CassandraSession#selectAll never returns, causing blocked thread


(Andrew Ryno) #1

Hello, we use CassandraSession#selectAll to query our Cassandra cluster for some additional data separate from akka-persistence. Because of some application requirements we block on the result before continuing. We had a case in production where the CompletionStage (we’re using the Java DSL) never completed and caused the entire thread to block indefinitely due to lack of a timeout.

"application-cassandra-plugin-default-dispatcher-7889" #29169 prio=5 os_prio=0 tid=0x00007fae38042000 nid=0x7abe waiting on condition [0x00007fadd8e0f000]
   java.lang.Thread.State: WAITING (parking)
	at sun.misc.Unsafe.park(Native Method)
	- parking to wait for  <0x0000000732b05e58> (a java.util.concurrent.CompletableFuture$Signaller)
	at java.util.concurrent.locks.LockSupport.park(LockSupport.java:175)
	at java.util.concurrent.CompletableFuture$Signaller.block(CompletableFuture.java:1693)
	at java.util.concurrent.ForkJoinPool.managedBlock(ForkJoinPool.java:3323)
	at java.util.concurrent.CompletableFuture.waitingGet(CompletableFuture.java:1729)
	at java.util.concurrent.CompletableFuture.get(CompletableFuture.java:1895)
	at com.twilio.application.ItemDAOCassandraImpl.get(ItemDAOCassandraImpl.java:66)
	... snip ...

Where the code is just:

final Select select = QueryBuilder.select()
        .from(KEYSPACE, TABLE)
        .where(QueryBuilder.eq(ACCOUNT_ID, accountId.getValue()))
        .limit(1);

return cassandraSession
        .selectAll(select)
        .thenApply(rows -> convertToProtocol(rows))
        .toCompletableFuture()
        .get();

The .thenApply() is simply object conversion using GettableByNameData#getString.

There’s no evidence that there was any problem with our Cassandra cluster (network, timeouts, errors, etc.), and I also see nothing obvious in akka-persistence-cassandra that could cause this looking at the SelectSource though I’m not the most well-versed in akka streams.

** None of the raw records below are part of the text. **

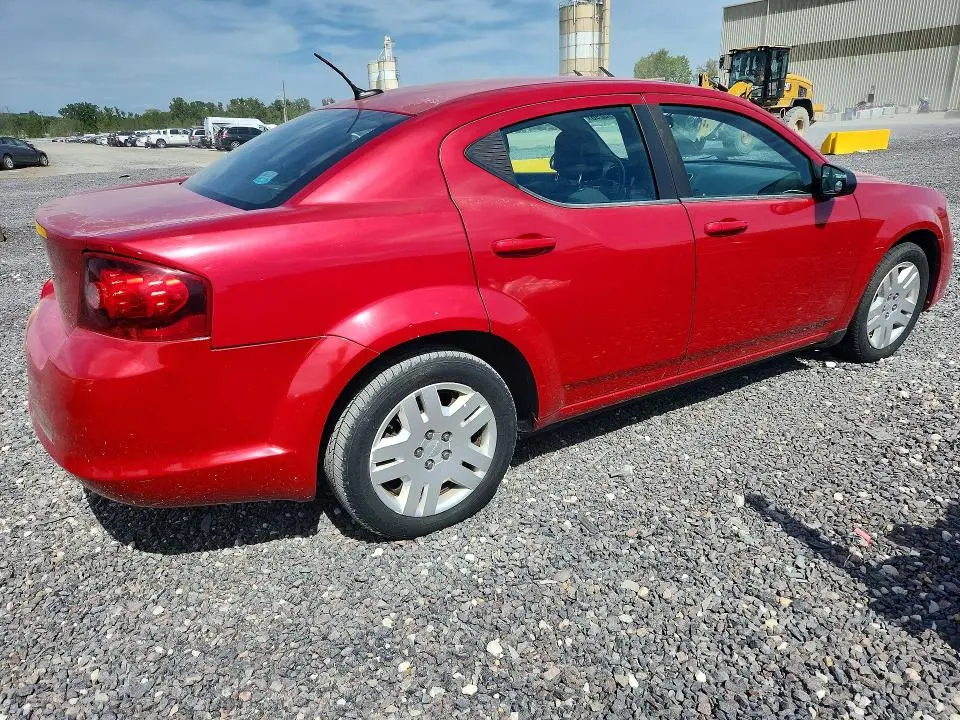 2013 DODGE AVENGER SE  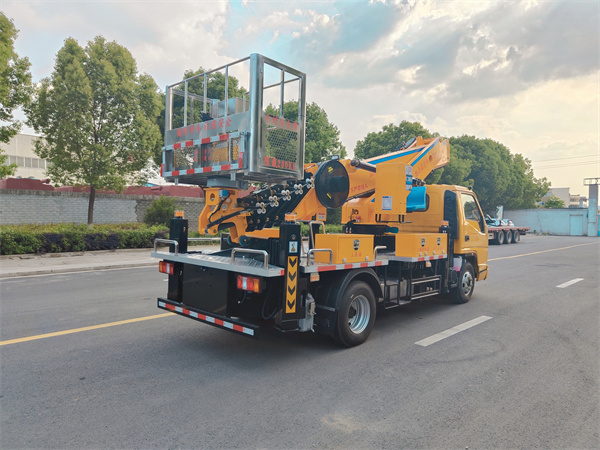 國(guó)六 江鈴寬體30米高空作業(yè)車(chē)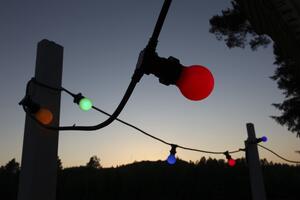 Venkovní světelný řetěz na 10 žárovek Connecta
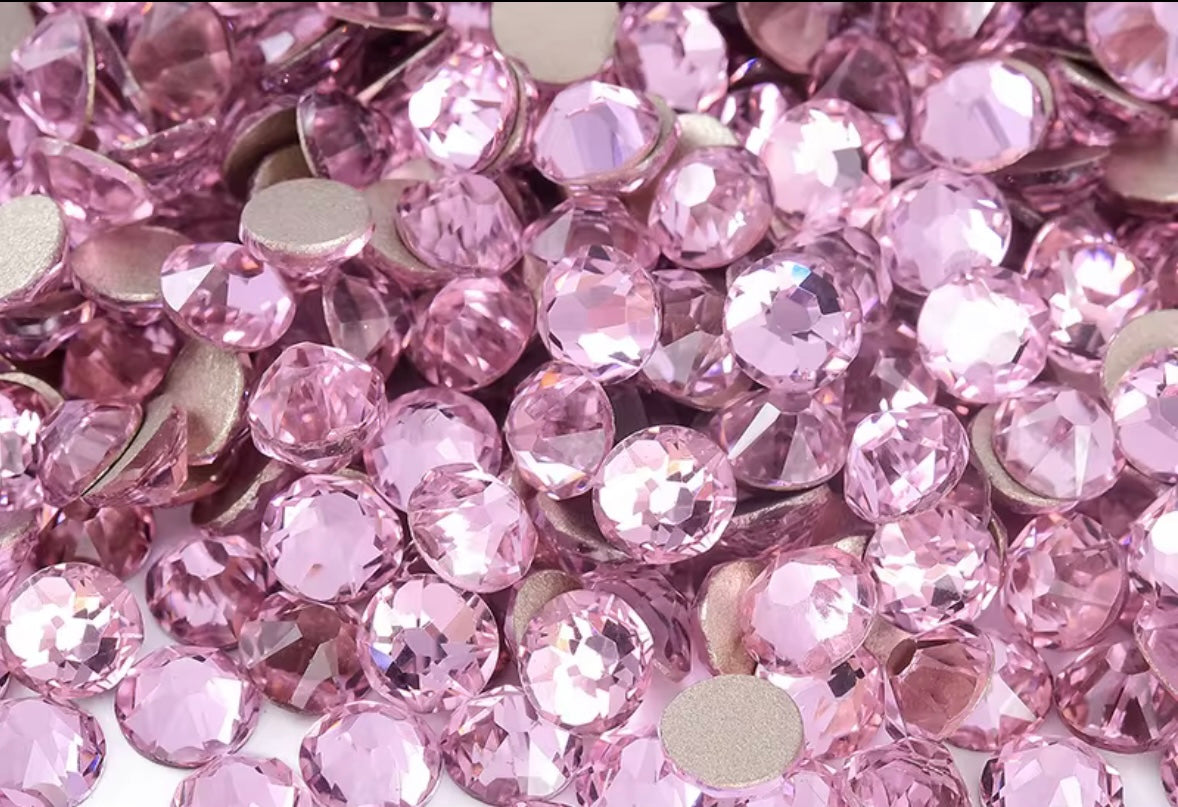 Light Pink Glass Flatback Round Rhinestone 16 Cut Facet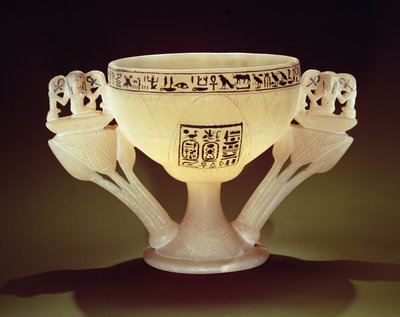Copa para beber en forma de flor de loto medio abierta, encontrada en la entrada de la tumba de Tutankamón (c.1370-1352 a.C.) Reino Nuevo de Egyptian 18th Dynasty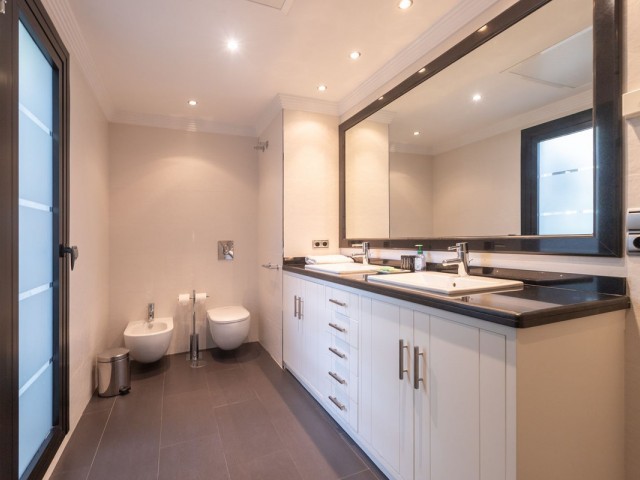 Apartamento con 3 Dormitorios  en Elviria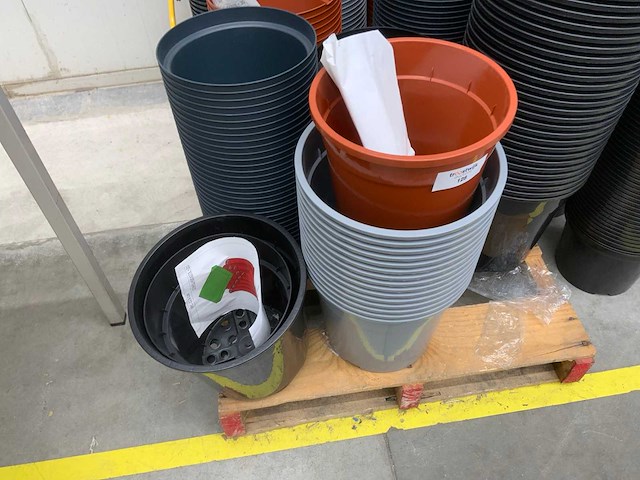 Bloempotten kunststof op pallet - afbeelding 2 van  3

While we already have plenty of fixes to prevent this from happening again (as well as moving to CassandraSession#selectOne as that fits our use-case better), I’m hoping to understand why selectAll may have not returned so that we can reproduce and ensure all of our betterments account for this failure mode.

Using:

  • akka 2.5.13
  • akka-persistence-cassandra 0.85
  • Cassandra 3.0.9

I can give more details if needed, not sure what would be relevant.


(Johan Andrén) #2

Sounds like it could maybe be a bug to me, I created https://github.com/akka/akka-persistence-cassandra/issues/392 to track it.


(Patrik Nordwall) #3

Using .get is an anti-pattern, but I guess you know.

Very strange if it would not complete if the query completed.
Do you do many of these blocking .get at the same time?

Do you have a way to reproduce it?


(Andrew Ryno) #4

Yeah the .get() is definitely something we’re going to be removing but that aside, still have the strange behavior of the future not completing at all. .get() was originally there due to the synchronous interface of serializers which caused other failures which was solved by the introduction of the AsyncSerializer in 2.5.13.

After some more digging we did determine there would have been around ~40-50 reads across 3 application hosts (6 Cassandra hosts) to the same Cassandra table for the same row all within a few milliseconds (no writes).

We also see no obvious evidence of the query completing as we don’t have tracing enabled for these queries. I have been attempting to reproduce it but unfortunately haven’t been able to. That’s partially why I posted here instead of direct to Github as we’re still attempting to reproduce or find if the cause is in akka-persistence or Cassandra. Current reproduction steps have just been to run load tests against the endpoint and to also introduce latency/packet loss/anything else that might cause an interruption in the stream but so far akka has worked around those failures as expected. Also the fact that we run 3 application hosts, 6 Cassandra hosts, spread evenly across 3 AZs makes me think it’s less like it’s a networking issue or data integrity problem but rather a deadlock problem within akka-persistence-cassandra/datastax driver (unsure which).


(Patrik Nordwall) #5

If you had many of these gets at the same time, each one blocking a thread, it could be starvation problem. All threads in the dispatcher thread pool blocked by the gets and thereby no possibility for other async parts of the queries to proceed, resulting in a deadlock.